WORK ITEM ▸ In the entries below, begin at the line with "Women Italian Buccella" and stop after the line with "Close up of"; output those lines exactly and omit the pictures.

DATA FOR ANALYSIS ▸
↓

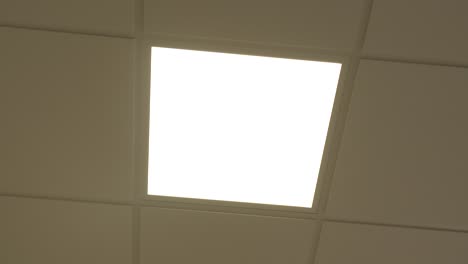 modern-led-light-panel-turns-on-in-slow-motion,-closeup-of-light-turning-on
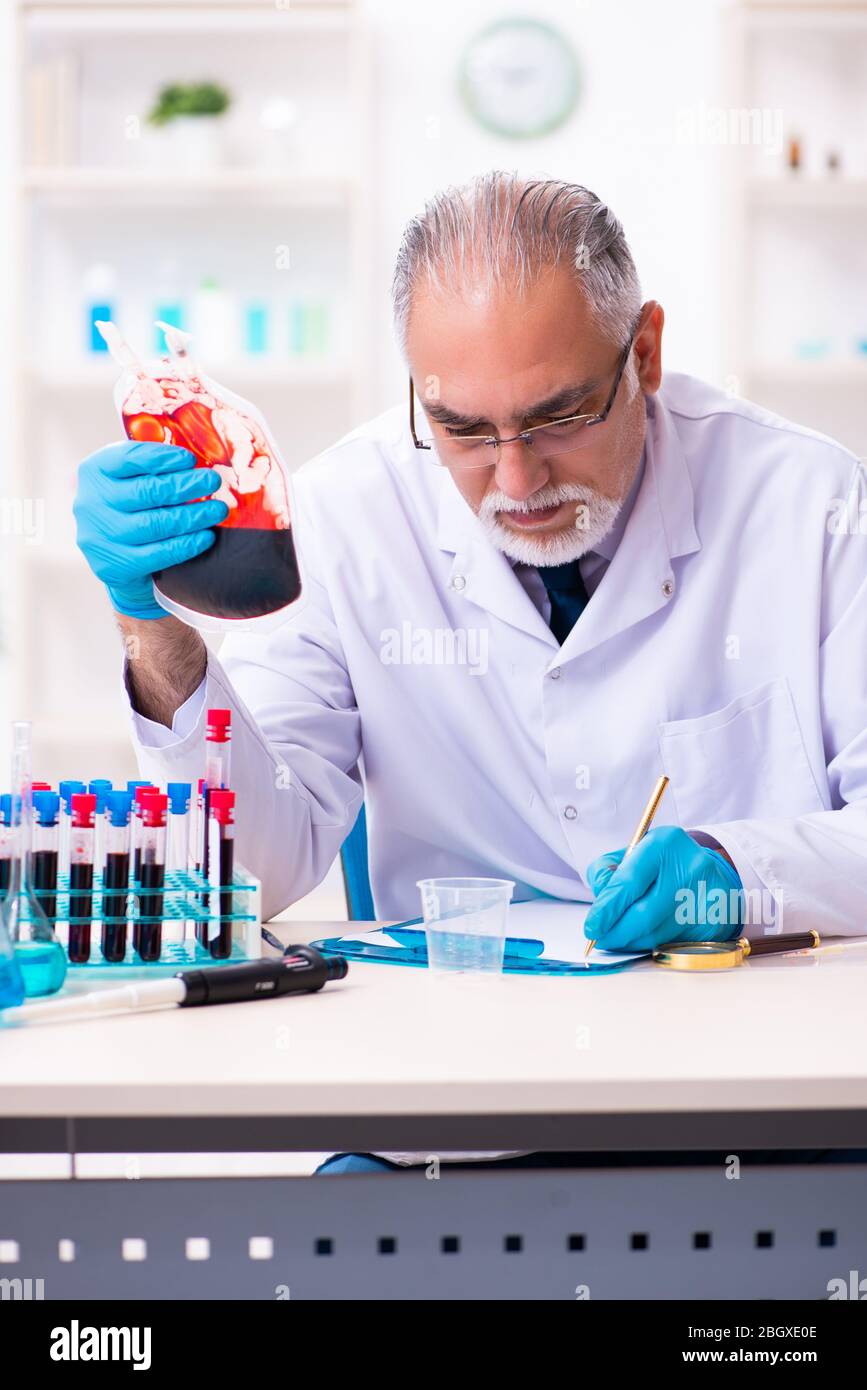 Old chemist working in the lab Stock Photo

↑
↓

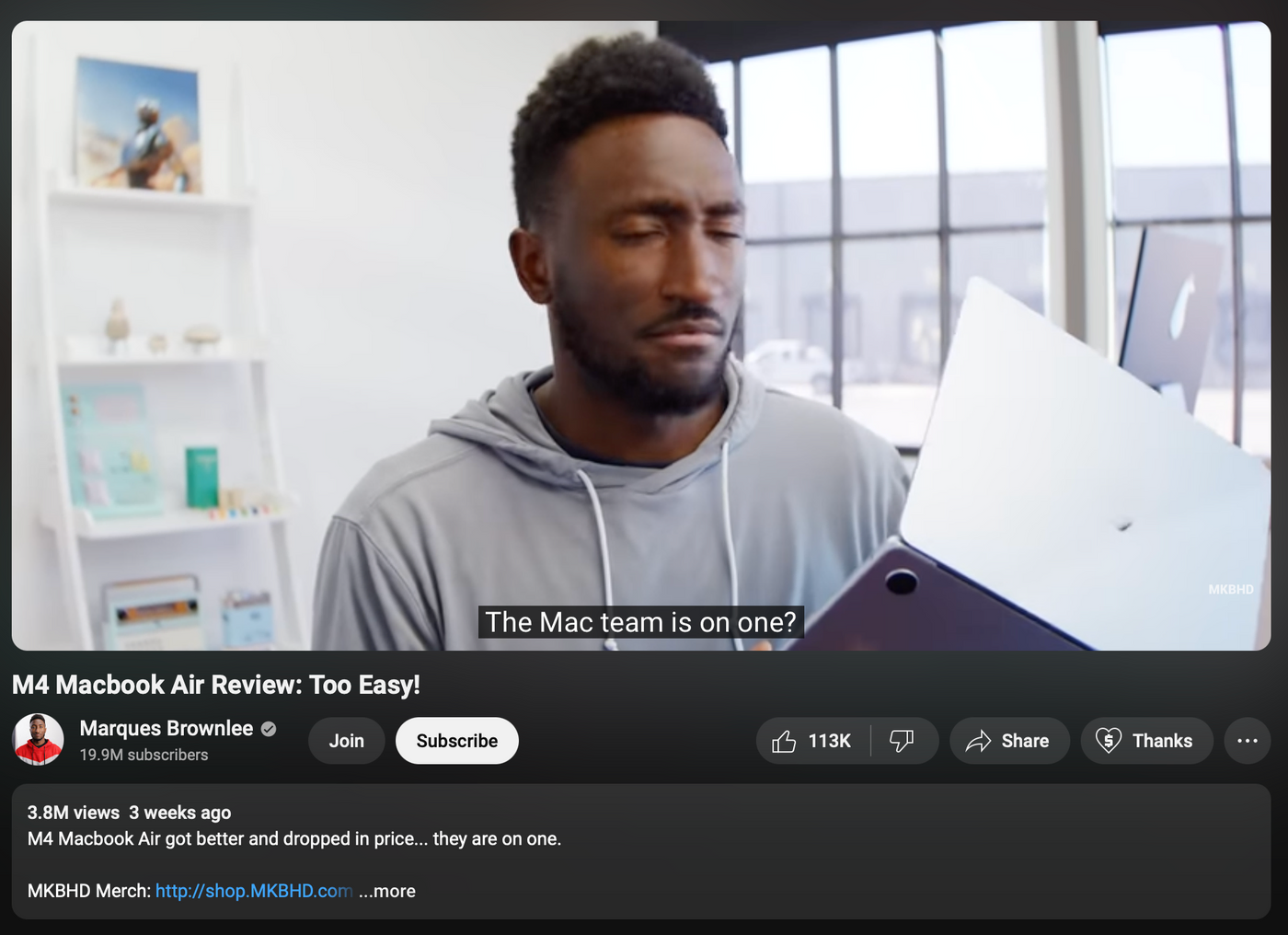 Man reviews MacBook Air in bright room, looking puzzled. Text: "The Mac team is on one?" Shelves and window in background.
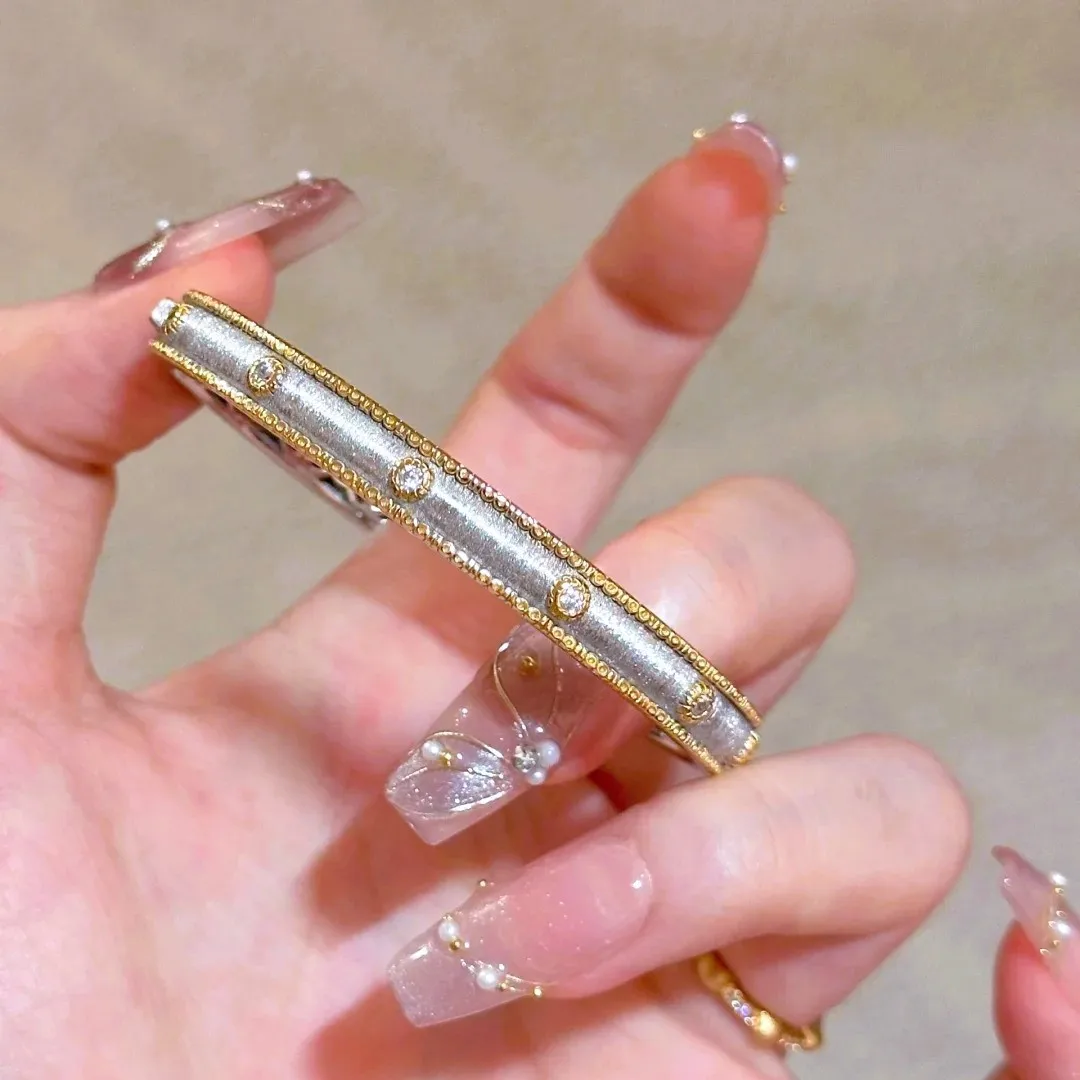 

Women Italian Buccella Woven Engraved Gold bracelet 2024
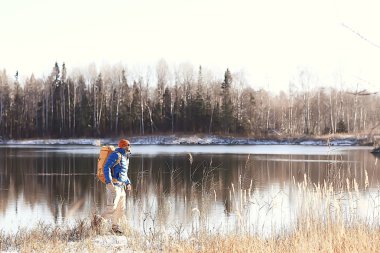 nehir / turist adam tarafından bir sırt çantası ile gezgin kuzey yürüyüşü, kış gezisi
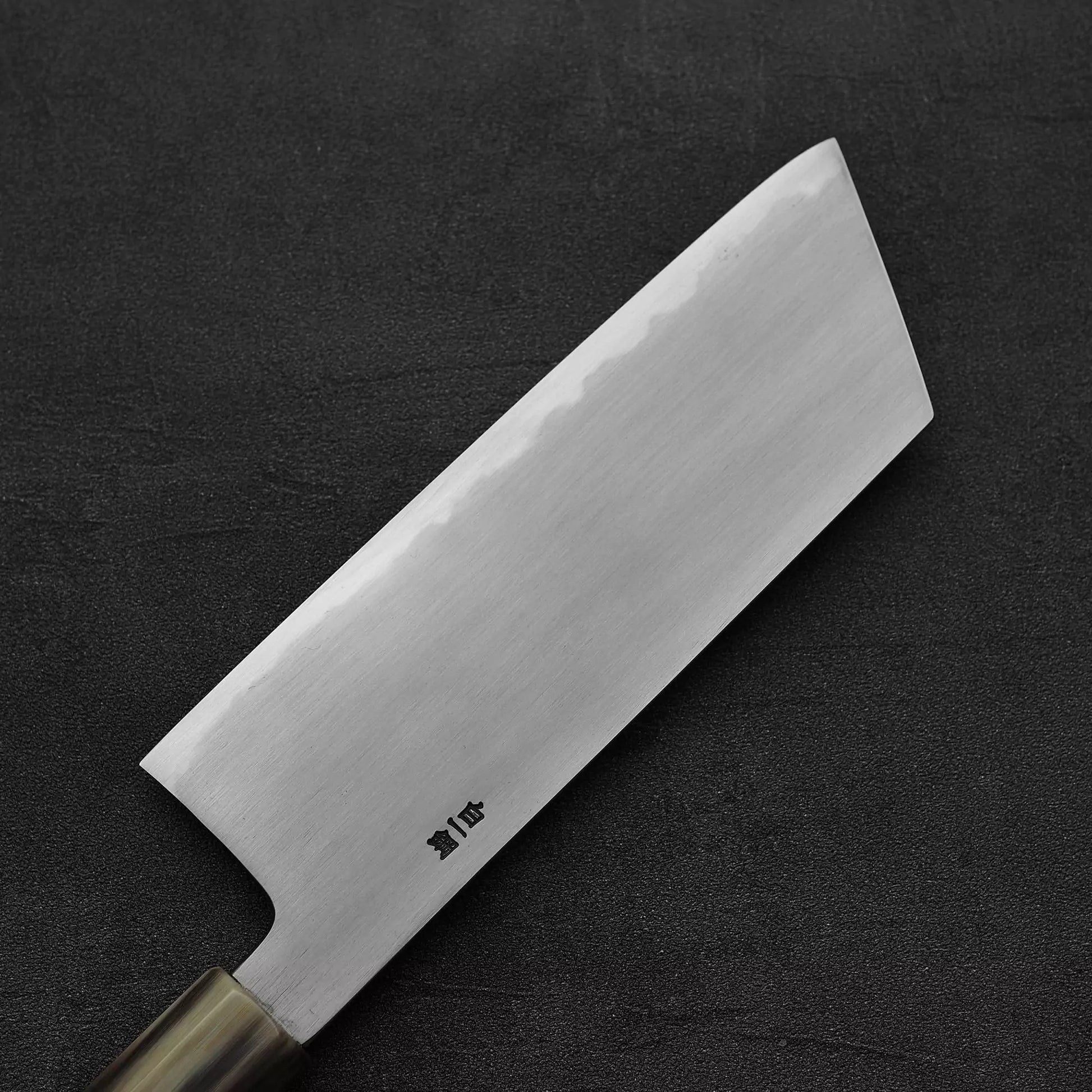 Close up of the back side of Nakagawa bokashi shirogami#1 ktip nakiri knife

↑

THE ANSWER ▸
Women Italian Buccella Woven Engraved Gold bracelet 2024
 nehir / turist adam tarafından bir sırt çantası ile gezgin kuzey yürüyüşü, kış gezisi
 Close up of the back side of Nakagawa bokashi shirogami#1 ktip nakiri knife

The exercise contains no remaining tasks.